How to apply custom column order (on Categorical) to pandas boxplot?

Asked 21/3, 2013 at 7:9 Answered 12/5, 2020 at 13:58

Solved python pandas boxplot categorical-data

EDIT: this question arose back in 2013 with pandas ~0.13 and was obsoleted by direct support for boxplot somewhere between version 0.15-0.18 (as per @Cireo's late answer; also pandas greatly improved support for categorical since this was asked.)

I can get a boxplot of a salary column in a pandas DataFrame...

train.boxplot(column='Salary', by='Category', sym='')

...however I can't figure out how to define the index-order used on column 'Category' - I want to supply my own custom order, according to another criterion:

category_order_by_mean_salary = train.groupby('Category')['Salary'].mean().order().keys()

How can I apply my custom column order to the boxplot columns? (other than ugly kludging the column names with a prefix to force ordering)

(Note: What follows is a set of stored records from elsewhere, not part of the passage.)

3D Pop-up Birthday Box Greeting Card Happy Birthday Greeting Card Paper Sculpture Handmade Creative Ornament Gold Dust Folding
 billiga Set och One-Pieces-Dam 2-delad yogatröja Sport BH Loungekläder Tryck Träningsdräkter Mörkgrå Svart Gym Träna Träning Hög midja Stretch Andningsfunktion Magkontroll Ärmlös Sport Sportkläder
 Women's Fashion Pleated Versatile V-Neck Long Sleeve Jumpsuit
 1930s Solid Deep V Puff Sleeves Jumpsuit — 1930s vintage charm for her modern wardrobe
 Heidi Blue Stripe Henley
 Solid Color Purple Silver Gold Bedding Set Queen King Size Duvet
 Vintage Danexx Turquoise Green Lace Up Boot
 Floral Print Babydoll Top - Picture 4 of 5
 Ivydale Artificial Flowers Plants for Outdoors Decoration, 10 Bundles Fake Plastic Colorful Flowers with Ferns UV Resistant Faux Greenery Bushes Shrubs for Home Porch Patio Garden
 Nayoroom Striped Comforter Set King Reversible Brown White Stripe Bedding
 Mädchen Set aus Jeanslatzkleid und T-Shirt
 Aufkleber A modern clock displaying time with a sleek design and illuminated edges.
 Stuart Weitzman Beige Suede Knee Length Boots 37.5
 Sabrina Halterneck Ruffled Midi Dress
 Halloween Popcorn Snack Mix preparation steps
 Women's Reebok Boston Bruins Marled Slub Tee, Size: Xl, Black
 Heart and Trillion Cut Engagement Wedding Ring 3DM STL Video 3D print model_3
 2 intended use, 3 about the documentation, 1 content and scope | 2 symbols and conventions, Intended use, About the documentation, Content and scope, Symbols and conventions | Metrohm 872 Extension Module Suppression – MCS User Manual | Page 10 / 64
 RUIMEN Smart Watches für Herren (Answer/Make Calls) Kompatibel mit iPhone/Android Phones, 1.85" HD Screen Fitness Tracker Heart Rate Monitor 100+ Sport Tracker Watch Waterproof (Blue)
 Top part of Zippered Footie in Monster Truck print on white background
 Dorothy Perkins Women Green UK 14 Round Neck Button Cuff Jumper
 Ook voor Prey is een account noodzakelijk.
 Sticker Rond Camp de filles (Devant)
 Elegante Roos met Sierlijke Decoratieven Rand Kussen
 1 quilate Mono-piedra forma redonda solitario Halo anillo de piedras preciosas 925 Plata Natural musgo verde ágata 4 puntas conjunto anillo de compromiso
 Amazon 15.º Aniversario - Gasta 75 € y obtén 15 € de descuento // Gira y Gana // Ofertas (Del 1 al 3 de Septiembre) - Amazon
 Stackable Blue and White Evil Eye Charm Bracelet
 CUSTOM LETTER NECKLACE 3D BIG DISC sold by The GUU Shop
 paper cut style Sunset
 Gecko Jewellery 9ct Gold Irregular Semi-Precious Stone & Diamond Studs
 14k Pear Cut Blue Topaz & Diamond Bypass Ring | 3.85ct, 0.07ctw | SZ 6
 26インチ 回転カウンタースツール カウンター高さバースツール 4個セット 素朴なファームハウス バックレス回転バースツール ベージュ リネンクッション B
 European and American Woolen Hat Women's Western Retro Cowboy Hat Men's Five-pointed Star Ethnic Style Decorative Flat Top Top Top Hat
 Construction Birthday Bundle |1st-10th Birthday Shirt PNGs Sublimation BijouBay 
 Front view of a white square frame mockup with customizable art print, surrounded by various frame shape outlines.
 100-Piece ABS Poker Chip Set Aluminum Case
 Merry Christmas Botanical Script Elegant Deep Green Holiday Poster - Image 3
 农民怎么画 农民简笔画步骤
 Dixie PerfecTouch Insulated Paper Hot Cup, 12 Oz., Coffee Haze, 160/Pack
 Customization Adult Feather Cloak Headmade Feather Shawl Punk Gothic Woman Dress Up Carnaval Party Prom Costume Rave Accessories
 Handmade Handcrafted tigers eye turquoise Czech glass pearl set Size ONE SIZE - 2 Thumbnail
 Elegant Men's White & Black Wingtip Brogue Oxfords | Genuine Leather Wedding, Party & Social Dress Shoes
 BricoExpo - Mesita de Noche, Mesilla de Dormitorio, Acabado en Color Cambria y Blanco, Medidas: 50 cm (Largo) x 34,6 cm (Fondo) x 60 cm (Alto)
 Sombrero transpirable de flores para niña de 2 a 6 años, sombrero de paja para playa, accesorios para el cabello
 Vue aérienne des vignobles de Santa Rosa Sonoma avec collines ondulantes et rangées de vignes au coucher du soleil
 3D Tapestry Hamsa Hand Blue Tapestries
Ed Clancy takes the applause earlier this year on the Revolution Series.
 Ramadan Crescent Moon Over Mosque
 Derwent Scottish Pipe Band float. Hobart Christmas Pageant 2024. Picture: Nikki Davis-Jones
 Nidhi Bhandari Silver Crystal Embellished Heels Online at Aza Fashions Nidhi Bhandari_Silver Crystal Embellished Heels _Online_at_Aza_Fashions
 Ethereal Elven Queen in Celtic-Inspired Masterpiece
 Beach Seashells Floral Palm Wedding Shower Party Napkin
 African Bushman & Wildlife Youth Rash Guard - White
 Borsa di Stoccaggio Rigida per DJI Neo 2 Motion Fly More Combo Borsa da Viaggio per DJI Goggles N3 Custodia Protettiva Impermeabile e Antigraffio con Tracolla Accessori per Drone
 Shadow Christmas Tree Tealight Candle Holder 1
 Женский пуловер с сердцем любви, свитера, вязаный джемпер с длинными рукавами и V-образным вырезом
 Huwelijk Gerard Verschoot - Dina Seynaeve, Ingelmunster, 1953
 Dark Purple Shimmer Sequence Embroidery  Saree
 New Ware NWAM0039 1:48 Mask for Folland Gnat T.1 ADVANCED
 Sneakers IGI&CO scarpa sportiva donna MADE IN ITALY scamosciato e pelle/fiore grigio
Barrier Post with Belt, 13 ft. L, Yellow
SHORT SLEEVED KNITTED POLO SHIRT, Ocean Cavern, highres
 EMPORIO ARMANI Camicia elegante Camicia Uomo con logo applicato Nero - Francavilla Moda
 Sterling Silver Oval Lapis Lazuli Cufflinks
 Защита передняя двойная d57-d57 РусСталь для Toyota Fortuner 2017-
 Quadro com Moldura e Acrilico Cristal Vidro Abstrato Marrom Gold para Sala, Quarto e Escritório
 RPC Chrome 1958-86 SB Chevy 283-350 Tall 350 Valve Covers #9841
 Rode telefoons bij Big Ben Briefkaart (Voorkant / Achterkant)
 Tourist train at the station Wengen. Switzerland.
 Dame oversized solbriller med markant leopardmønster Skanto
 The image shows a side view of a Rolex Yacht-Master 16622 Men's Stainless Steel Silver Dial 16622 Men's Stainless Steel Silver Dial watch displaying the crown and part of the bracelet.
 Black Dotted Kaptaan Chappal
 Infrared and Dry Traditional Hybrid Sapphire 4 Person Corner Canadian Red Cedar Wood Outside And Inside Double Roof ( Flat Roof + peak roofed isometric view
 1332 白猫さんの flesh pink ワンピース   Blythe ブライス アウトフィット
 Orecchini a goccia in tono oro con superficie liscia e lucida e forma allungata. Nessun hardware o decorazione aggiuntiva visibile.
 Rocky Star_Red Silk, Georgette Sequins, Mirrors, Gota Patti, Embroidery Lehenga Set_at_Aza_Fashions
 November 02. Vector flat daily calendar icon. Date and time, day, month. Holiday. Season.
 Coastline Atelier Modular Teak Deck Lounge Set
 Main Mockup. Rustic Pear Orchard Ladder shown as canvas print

'Category' is a string (really, should be a categorical, but this was back in 0.13, where categorical was a third-class citizen) column taking 27 distinct values: ['Accounting & Finance Jobs','Admin Jobs',...,'Travel Jobs']. So it can be easily factorized with pd.Categorical.from_array()

On inspection, the limitation is inside pandas.tools.plotting.py:boxplot(), which converts the column object without allowing ordering:

pandas.core.frame.py.boxplot() is a passthrough to
pandas.tools.plotting.py:boxplot() which instantiates ...
matplotlib.pyplot.py:boxplot() which instantiates ...
matplotlib.axes.py:boxplot()

I suppose I could either hack up a custom version of pandas boxplot(), or reach into the internals of the object. And also file an enhance request.

Birth answered 21/3, 2013 at 7:9 Comment(0)

Hard to say how to do this without a working example. My first guess would be to just add an integer column with the orders that you want.

A simple, brute-force way would be to add each boxplot one at a time.

import numpy as np
import pandas as pd
import matplotlib.pyplot as plt

df = pd.DataFrame(np.random.rand(37,4), columns=list('ABCD'))
columns_my_order = ['C', 'A', 'D', 'B']
fig, ax = plt.subplots()
for position, column in enumerate(columns_my_order):
    ax.boxplot(df[column], positions=[position])

ax.set_xticks(range(position+1))
ax.set_xticklabels(columns_my_order)
ax.set_xlim(xmin=-0.5)
plt.show()

Operatic answered 21/3, 2013 at 15:34 Comment(4)

Added details for you, and ideas on workarounds. Adding a separate standalone integer column doesn't give a decent graph because now your column labels are (illegible) integers, not text. (Kludging a text prefix into Category names to force custom sort-order is maybe the fastest hack. But still ugly) – Birth 21/3, 2013 at 20:33

pandas DataFrame cannot handle a Categorical column, unlike R. – Birth 21/3, 2013 at 20:40

not where I was headed. I typically just use apply with a hard-coded lookup table. see my edited response for a different approach, though. – Operatic 21/3, 2013 at 21:0

Duh! Why didn't I think of that! Good idea. – Birth 21/3, 2013 at 21:34

EDIT: this is the right answer after direct support was added somewhere between version 0.15-0.18

tl;dr: for recent pandas - use positions argument to boxplot.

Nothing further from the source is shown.